Purchasing our Services
Purchasing our Services occurs with there is an issuance of a Purchase Order, payment via credit card, or request of an invoice by you, hereby called (“Purchase”) and such Purchase may not be cancelled once an order is placed unless it is specified in writing in a signed executed contract. Non payment of any Purchase is not allowed and BorderLAN must pursue collection of non-payed debt. For this reason we recommend our Customers evaluate products prior to a Purchase commitment. Financed or multiple year payment contracts also may not be cancelled but can be accelerated with early payments.
Each Service contains proprietary software and or hardware along with materials and information that should not be tampered with or shared with general public. Services may be used only as permitted by law, including applicable export laws and regulations. Using Services does not give you ownership of any intellectual property rights in the Purchased Services.
Services we represent are primarily not BorderLAN’s. The use and content of Services is the sole responsibility of the entity manufacturer that makes it available. We believe that you own your data and and the usage of the Service that moves, manipulates or otherwise backs up, archives, fiters or encrypts data. We encourage you to properly learn the Services once Purchased to ensure you continue to have access to such data.
As a customer who has Purchased Services from BorderLAN, we may send you service announcements, customer service messages, and other information.

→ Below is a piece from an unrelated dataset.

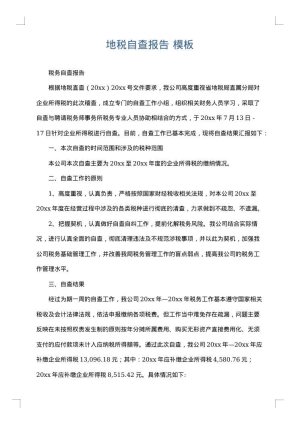 地税自查报告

You may opt out of communications.
As Services are sold as a PRE-PAYMENT for a terms, you can stop using Purchased Services at any time but will not receive a refund, nor may cancel any future payments committed via contract that is considered a Purchase.

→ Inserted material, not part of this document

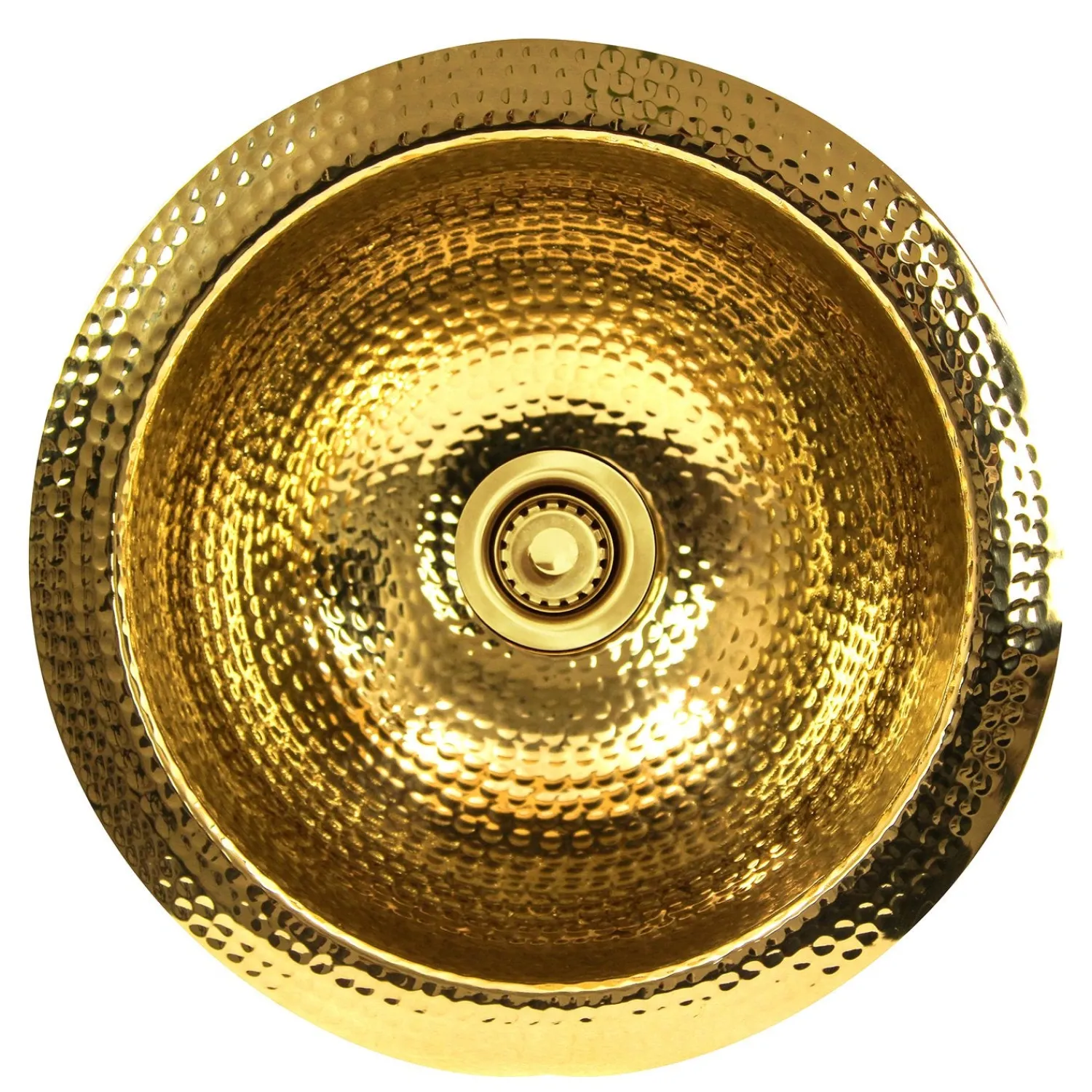 Outlet ROB - 13-Inch Hand Hammered Brass Round Undermount Bar Sink Bar / Prep Sinks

Warranties and Disclaimers
OTHER THAN AS EXPRESSLY SET OUT IN THESE TERMS OR ADDITIONAL TERMS, NEITHER BORDERLAN NOR ITS SUPPLIERS OR DISTRIBUTORS MAKE ANY SPECIFIC PROMISES ABOUT THE SERVICES. THE SPECIFIC FUNCTION OF THE SERVICES, OR THEIR RELIABILITY, AVAILABILITY, OR ABILITY TO MEET YOUR NEEDS. WE PROVIDE THE SERVICES “AS IS”.

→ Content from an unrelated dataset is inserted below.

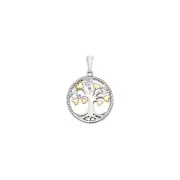 Sterling Silver Two Tone Heart Tree Of Life Pendant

SOME JURISDICTIONS PROVIDE FOR CERTAIN WARRANTIES, LIKE THE IMPLIED WARRANTY OF MERCHANTABILITY, FITNESS FOR A PARTICULAR PURPOSE AND NON-INFRINGEMENT. TO THE EXTENT PERMITTED BY LAW, WE EXCLUDE ALL WARRANTIES.
Liability for our Services
WHEN PERMITTED BY LAW, BORDERLAN and BORDERLAN’S SUPPLIERS AND DISTRIBUTORS, WILL NOT BE RESPONSIBLE FOR LOST PROFITS, REVENUES, OR DATA, FINANCIAL LOSSES OR INDIRECT, SPECIAL, CONSEQUENTIAL, EXEMPLARY, OR PUNITIVE DAMAGES.
TO THE EXTENT PERMITTED BY LAW, THE TOTAL LIABILITY OF BORDERLAN, AND ITS SUPPLIERS AND DISTRIBUTORS, FOR ANY CLAIM UNDER THESE TERMS, INCLUDING FOR ANY IMPLIED WARRANTIES, IS LIMITED TO 25% OF THE AMOUNT YOU PAID US TO USE THE SERVICES. IN ALL CASES, BORDERLAN, AND ITS SUPPLIERS AND DISTRIBUTORS, WILL NOT BE LIABLE FOR ANY LOSS OR DAMAGE THAT IS NOT REASONABLY FORESEEABLE.
About these Terms
BorderLAN may modify these terms or any additional terms that apply to a Service. The laws of California, U.S.A., will apply to any disputes arising out of or relating to these terms or the Services. All claims arising out of or relating to these terms or the Services will be litigated exclusively in the federal or state courts of San Diego, California, USA, and upon Purchase you consent to jurisdiction in those courts.